Dataset excerpt

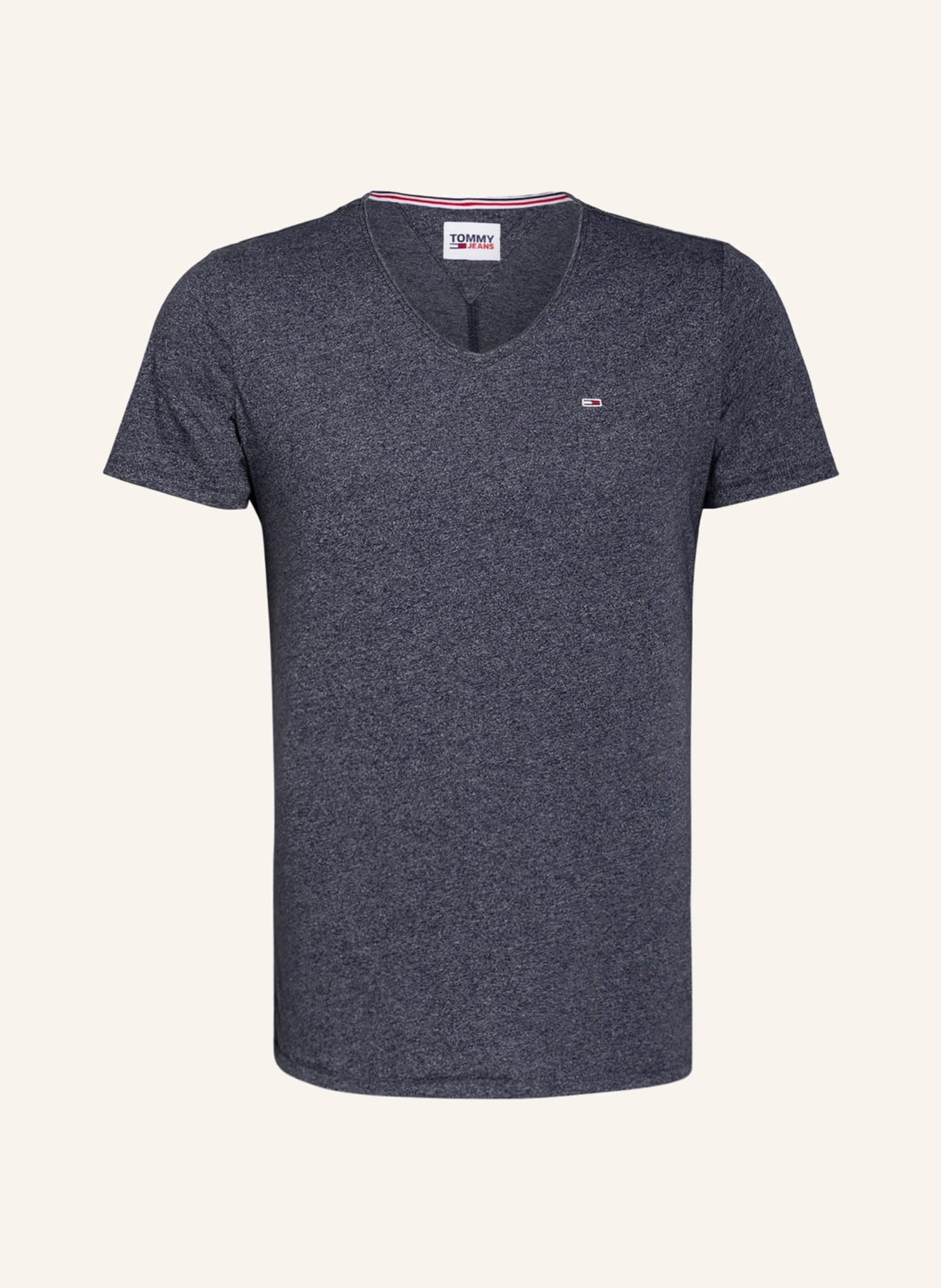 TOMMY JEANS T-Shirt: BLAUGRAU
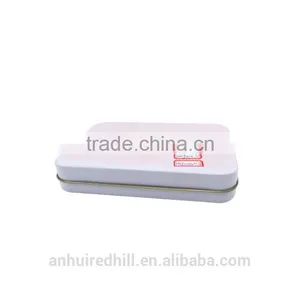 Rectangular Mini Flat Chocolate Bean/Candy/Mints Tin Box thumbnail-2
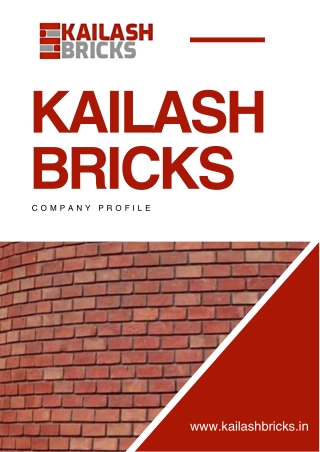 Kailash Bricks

Task description
Write the listing out in full, exactly; no images.

Written answer
 TOMMY JEANS T-Shirt: BLAUGRAU
 Rectangular Mini Flat Chocolate Bean/Candy/Mints Tin Box thumbnail-2
 Kailash Bricks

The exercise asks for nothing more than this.